In this collection, beloved parents face illness and death; daughters grieve; friends, lovers, and cityscapes strain, crumble, and seek restoration; rescue dogs blend adoration with ingrained fear of brutal pasts; and rainforests and coral reefs sparkle with dying beauty. After 9/11, a West Village shoe repair shop goes out of business; much else is lost, and “what we couldn’t repair between us stayed broken.” In “Modern Death,” a dying mother repeats, “You’ll miss me and I’ll miss you. Let me sleep,” like a mantra while her husband, stymied, continues to watch TV “vigorously, by her bed.”

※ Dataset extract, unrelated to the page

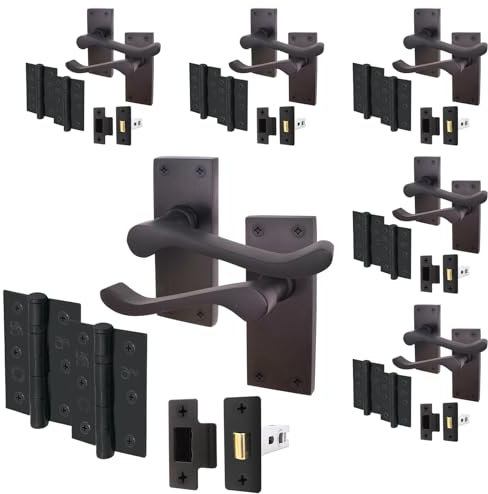 EAI Black Victorian Scroll Door Handle Latch Set | Matt Black Internal Lever Handles with Hinges (76mm) & Latch (64mm) - 6 Pairs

Becker’s vision of our relationships with each other and the natural world is complex, but the writing is limpid, sculpted. She never turns away from the ugliness and contradictions of the human experience, but gives hope through her willingness to let human suffering live on the same page as amazingly varied birds and reptiles; startling images and personalities with refreshing stubbornness, love, and relish for the small comforts of life. There is beauty even in betrayal:

They say these bees can hollow out a house
before anyone comprehends the tiny
piles of dust, almost invisible, on the floor.
(“Her Lies”)

There is humor, too. For example, “The Civil War Comes to Town” explores the lifestyle of Civil War battle reenactors, and “The Sounds of Yiddish” offers a sonic celebration of a language that has “the shtick of the canny/mensch who knows shlock when she sees it.” What’s not to like?

Most of the poems in this book are in blank verse—sometimes in couplets or quatrains, always varied enough to keep the reader’s interest. Becker’s poems in form are so well-constructed that the cadence and rhyme sneak up on you . . . as in Wait—was that a villanelle? Although death takes center stage in the first section of the book, it reappears in different guises in sections focusing on travel, relationships, and natural beauty.

A native of Philadelphia, Pa., Becker is liberal arts research professor of English and women’s studies at Pennsylvania State University. This is her eighth collection. Among other honors, she has served as Penn State Poet Laureate and received numerous fellowships from the Bunting Institute, Massachusetts Cultural Council, and the National Endowment for the Arts, among others.